ISLAMABAD - Pakistan has resumed partial NATO supplies after over two-month deadlock following Mohmand Agency row with the US, reportedly after the two countries reached an agreement that envisages full-scale resumption of the Western alliance shipments earlier next month.

According to this reported agreement, Pakistan would resume ‘regular’ NATO supplies in the first week of March while the US would not offer an official apology.

Instead, vibes would be ‘leaked’ to media suggesting an off-the-record apology being tendered by the US authorities in Islamabad or Washington.

It is also learnt that the rules of military engagement with the US have been finalised following intense deliberations between Pakistan’s Ambassador to the US Sherry Rehman and between Defence Minister Ahmad Mukhtar and US Embassy officials here but Pakistan’s Parliament has been kept out of the loop.

Talking to The Nation after a related media briefing, Defence Minister Chaudhry Ahmad Mukhtar on Tuesday seemingly ‘dodged’ this scribes queries on resumption of ground NATO supplies. He, however, confirmed earlier in the Press briefing that NATO aerial supplies were resumed for transportation of humanitarian stuff and edible food items for the allied soldiers in Afghanistan. The supplies have been resumed on ‘humanitarian grounds’, he said.

We have allowed them air corridor for carrying partial items like food stuff, he added.

Asked if any decision on ‘humanitarian’ grounds was taken as well to restore partial NATO supplies via land route from Pakistan, he said, ‘Well there isn’t much difference. It doesn’t matter if the humanitarian supplies reach there by air or by road. What’s the difference?’.

Earlier, addressing a joint Press conference with the US Charge d’Affaires Richard Hoagland, Defence Minister Ahmed Mukhtar said that Pakistan had allowed NATO supplies containing food items through aerial route from Pakistan to Afghanistan.

He had urged NATO not to order any fresh humanitarian consignments and transport the existing stockpiles.

Richard Hoagland had termed the NATO gunship choppers attack on Pakistani pickets in Mohmand Agency as ‘deeply regrettable’ incident.

On a media query whether the US would apologise for the November 26th attack, the US diplomat did not offer a vivid response saying that the situation would be clear in next few days.

Last week, the US Ambassador to Pakistan Cameron Munter had said that NATO was using Pakistan’s air corridor for carrying its logistical equipment to Afghanistan but the ground supplies were blocked.

However, the Interior Minister Rehman Malik refuted the US envoy’s statement saying that NATO supplies via ground and air were completely blocked.

When asked to comment on this, Chaudhry Ahmad Mukhkar said: ‘There must be some misunderstanding’.

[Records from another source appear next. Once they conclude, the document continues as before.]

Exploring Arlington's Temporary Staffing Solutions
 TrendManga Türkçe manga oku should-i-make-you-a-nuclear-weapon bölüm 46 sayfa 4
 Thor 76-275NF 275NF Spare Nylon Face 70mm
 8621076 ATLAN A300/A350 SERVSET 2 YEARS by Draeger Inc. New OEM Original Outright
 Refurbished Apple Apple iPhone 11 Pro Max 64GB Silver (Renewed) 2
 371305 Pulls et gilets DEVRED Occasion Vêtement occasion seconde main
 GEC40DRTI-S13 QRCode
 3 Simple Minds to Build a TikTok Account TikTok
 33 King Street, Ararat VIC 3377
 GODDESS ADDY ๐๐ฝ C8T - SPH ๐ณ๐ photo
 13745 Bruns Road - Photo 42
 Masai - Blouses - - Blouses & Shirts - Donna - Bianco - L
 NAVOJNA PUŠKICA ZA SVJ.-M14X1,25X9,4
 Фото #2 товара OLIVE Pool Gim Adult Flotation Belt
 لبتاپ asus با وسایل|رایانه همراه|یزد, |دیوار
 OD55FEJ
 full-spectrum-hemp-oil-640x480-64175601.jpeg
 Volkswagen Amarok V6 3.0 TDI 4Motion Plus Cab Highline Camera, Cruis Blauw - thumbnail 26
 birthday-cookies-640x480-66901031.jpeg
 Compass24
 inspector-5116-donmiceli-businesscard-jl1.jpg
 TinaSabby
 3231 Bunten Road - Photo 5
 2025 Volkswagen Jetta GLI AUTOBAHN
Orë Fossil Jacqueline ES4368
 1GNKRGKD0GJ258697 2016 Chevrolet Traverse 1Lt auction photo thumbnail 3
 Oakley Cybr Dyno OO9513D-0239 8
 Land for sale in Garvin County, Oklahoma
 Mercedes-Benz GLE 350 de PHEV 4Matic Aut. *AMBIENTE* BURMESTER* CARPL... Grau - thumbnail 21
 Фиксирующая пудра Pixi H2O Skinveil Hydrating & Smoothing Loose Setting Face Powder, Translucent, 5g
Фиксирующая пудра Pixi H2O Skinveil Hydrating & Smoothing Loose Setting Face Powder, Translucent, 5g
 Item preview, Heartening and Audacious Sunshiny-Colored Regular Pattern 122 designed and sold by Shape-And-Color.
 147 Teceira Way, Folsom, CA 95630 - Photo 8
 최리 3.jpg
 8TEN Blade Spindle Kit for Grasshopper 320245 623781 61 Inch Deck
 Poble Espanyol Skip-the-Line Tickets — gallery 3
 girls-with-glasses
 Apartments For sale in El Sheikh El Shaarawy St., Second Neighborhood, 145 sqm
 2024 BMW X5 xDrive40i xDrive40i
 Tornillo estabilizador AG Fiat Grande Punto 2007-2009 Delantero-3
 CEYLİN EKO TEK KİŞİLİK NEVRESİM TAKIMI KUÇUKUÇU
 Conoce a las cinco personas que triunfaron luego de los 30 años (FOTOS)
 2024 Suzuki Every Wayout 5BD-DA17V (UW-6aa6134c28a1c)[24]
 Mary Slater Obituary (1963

On the other hand, informed officials confirm that Pakistan had never blocked air corridor passage to the NATO. Despite that the aerial supplies remained intact from the very first day after Salala attack, the officials believe, the Defence Minister’s statement on ‘resumption’ of aerial supplies on the pretext of ‘humanitarian grounds’ gave a clear indication that modalities between Pakistan and the US political leadership and military command were done with. Reportedly, Pakistan’s military establishment and government want the supplies to remain blocked till February 26th or three months after Salala attack to somehow avoid expected criticism and reaction from the Pakistani society.

Of late, the establishment is reported to have braced for tackling the post-NATO supplies resumption scenario.

The Defence of Pakistan Council, a group of the establishment sponsored clerics, religious parties and banned outfits has started ‘agitating’ against the possible resumption of NATO shipments but the ‘warning shots’ they have fired thus far aim at targeting the government alone and bailing out the military.

The strategy evidently entails passing the buck on government to bear the brunt of NATO supplies resumption.

The expected full-scale resumption of NATO supplies without taking into confidence the Parliament, political parties and public at large is not likely to go down well with the Pakistani society.

Just a day earlier, Army Chief General Ashfaq Parvez Kayani had said in Jacobabad that the decision on NATO supplies restoration rested with the Parliament.

The Parliament is yet to take up the issue and Parliamentary Committee on National Security (PCNS) has not endorsed the decision to resume NATO supplies The military’s otherwise ‘upfront’ and government’s already dwindling images might receive setbacks given that Pakistan’s military, political and diplomatic leaderships had extensively propagated the much-hyped renewal of ‘terms of engagement with the US’ but no details to this effect have thus far shared publicly.

In the event of US refusal to offer an apology, the Pakistan’s power centres would be left with fewer options for face saving.